We worked together creating Intelligent RPA Product and thought of how we can make use of automation to help auditing process be easier, reducing manual work and increasing time for higher value task.
What it does
iMatch by Team RIPA automates the matching of invoices from images into records. Built with further improvements in mind on how we can make it into a startup idea.
How we built it
We built it with OCR technology to extract words from images. Then we did some minor Data analysis on how the extracted information will look like. Further with we filter the extra spaces and newlines to get a list of strings from the image that contains readable words or numbers. We then experiment with different scoring and matching algorithms such as Levenshtein distance, Hungarian algorithm, sequence matching libraries. We finally decided on a greedy approach of getting the highest score and matching it as Hungarian may cause different or similar invoices to be matched and replacing the perfect match due to how it is meant to get the highest score.
Challenges we ran into
OCR technology is not fully mature. Hence, we face the issue of getting inaccurate data from the invoice. Also, it is difficult to differentiate similar invoices. Inexperience in both the technological and auditing fields to understand how to make use of technology to better fit in the audit fields.
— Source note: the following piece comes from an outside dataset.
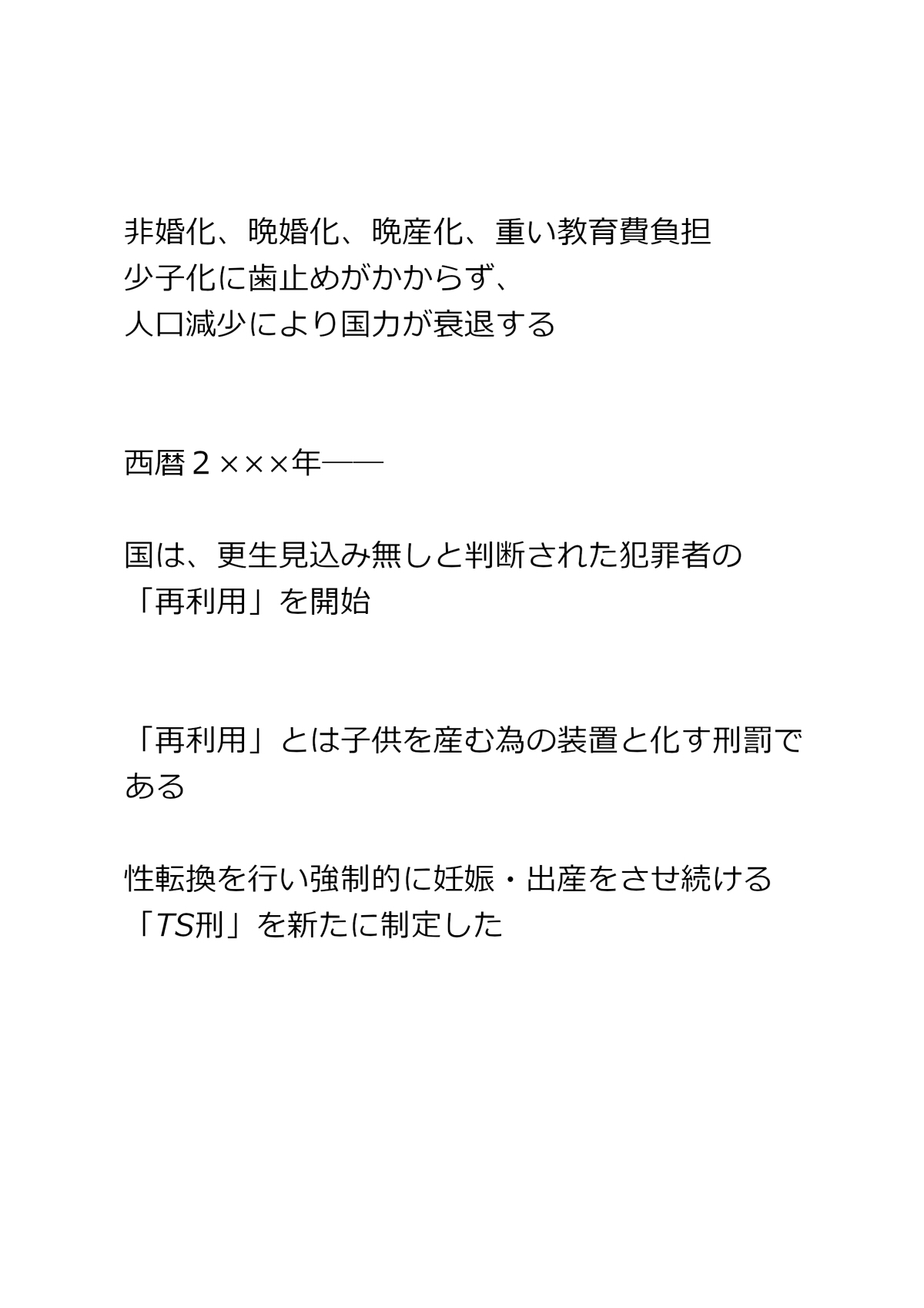 Shuushin TS Kei ~Hanzaisha ga Keibatsu de TS Sarete Umu Kikai ni Sareru Hanashi~ page 3 full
Accomplishments that we're proud of
One thing we are proud of and is unique to our product is the matching algorithm. Instead of having a single greedy approach that takes the most similar value, we use an algorithm for matching such that it maximizes the total score of the invoice matching process. Thus, making our product more robust. Furthermore, we took the approach of a client and servers instead of having a one-stop machine learning script to make our solution more scalable. In the future, if our product takes off, we can add a messaging queue or deploy on cloud services to help make our solution more robust.
What we learned
Throughout the hackathon, we have immensely benefited from learning more about the accounting industry. Also, we learned about natural language processing and difficulties in information retrieval. Another valuable takeaway would the research from the matching algorithms that we have used. This has certainly benefited us professionally and helped us hone our business acumen.
What's next for RIPA
Customize OCR to better fit Invoices Support Users by providing suggestion instead of just auto-matching improving the accuracy of the match Machine learning implementation to matching invoices from user’s feedback Following which when we have high enough accuracy, fully automated and error recognition. Selling it as a cloud service or as an on-premise set up for users that are cautious of security and privacy issues.